Tax practitioners are bracing for a repeat of the chaotic bare trust reporting debacle as the next filing season looms less than nine months away. Kim Moody, a tax expert, warns that the government's expanded trust reporting rules, which swept in bare trusts in 2022, remain deeply problematic.
The Groundhog Day of Tax Filing
Moody likens the situation to the movie Groundhog Day, where Bill Murray relives the same day repeatedly. He notes that many practitioners fear they will face the same confusion and frustration as in 2023, when the rules were first applied to bare trusts.
The trouble, Moody explains, is not complexity itself but complexity imposed on a broad and unsuspecting audience. Bare trusts include ordinary arrangements such as a parent on a child's home title to help with a mortgage, an adult child added to an elderly parent's bank account, or a nominee corporation used to acquire property for different beneficiaries. None of these are typically mischievous for tax purposes.
The Origin of the Reporting Rules
The government first proposed expanded trust reporting in the 2018 federal budget, with an initial application date of 2021. A global push for trust transparency was underway, and Canada was considered behind. Due to COVID-19, implementation was delayed until 2022. However, bare trusts were added to the regime by a 2022 amendment, despite warnings from the Joint Committee on Taxation and other organizations. The rules were then delayed again to the 2023 taxation year and passed into law.

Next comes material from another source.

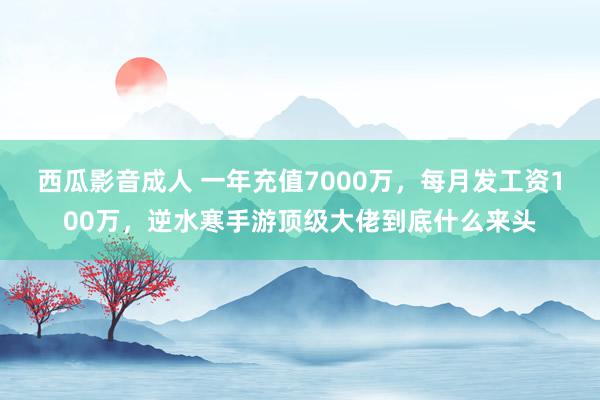 西瓜影音成人 一年充值7000万，每月发工资100万，逆水寒手游顶级大佬到底什么来头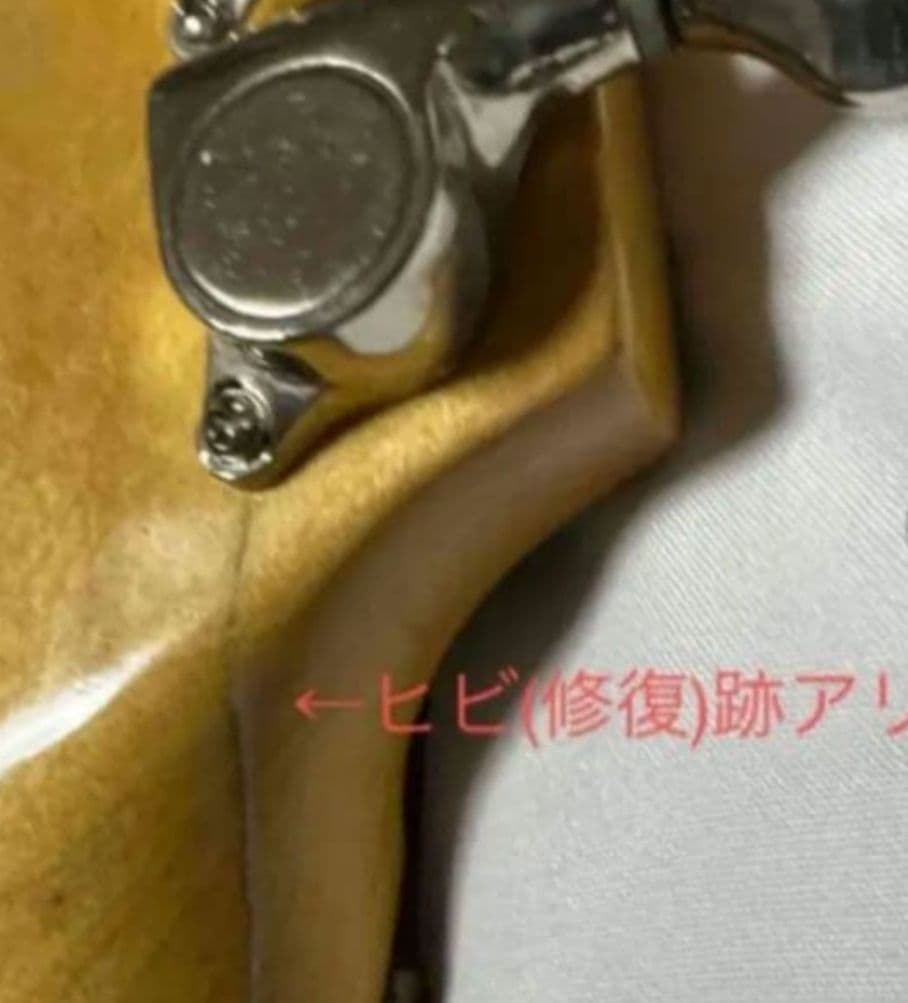 Santanu Pro 光るギター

The Foundational Problem: Who Must File?
A core issue is determining who needs to file. Determining whether a legal relationship is a trust is typically the domain of lawyers or very experienced accountants, trained to distinguish between trusts, partnerships, agency, joint tenancy, co-ownership, and joint ventures. The differences are subtle but have significant tax implications. Yet the duty to file returns often falls on tax preparers who are not lawyers.
The 2023 Fiasco
The first reporting period for 2023 was a disaster. Taxpayers and advisers struggled after waking up to how difficult the rules were to apply. The Canada Revenue Agency (CRA) devoted resources to help, but it was too little, too late. As a result, more than 44,000 Canadians filed returns for bare trusts in early 2024, many after paying advisers, only for the CRA to cancel the requirement days before the deadline. The government was heavily criticized for this wasted effort.
Looking Ahead to 2026
With the next filing season approaching, Moody warns that the same issues remain unresolved. He states, "Once again, tax practitioners will be asked to answer legal questions they were never trained to answer." The CRA has not indicated any major changes to the rules, leaving taxpayers and their advisers to navigate the same murky waters.
The broader context is a global push for trust transparency, but Moody argues that Canada's approach has been poorly implemented, imposing burdens on ordinary Canadians without clear guidance. He calls for the government to either simplify the rules or provide clearer direction to prevent another debacle.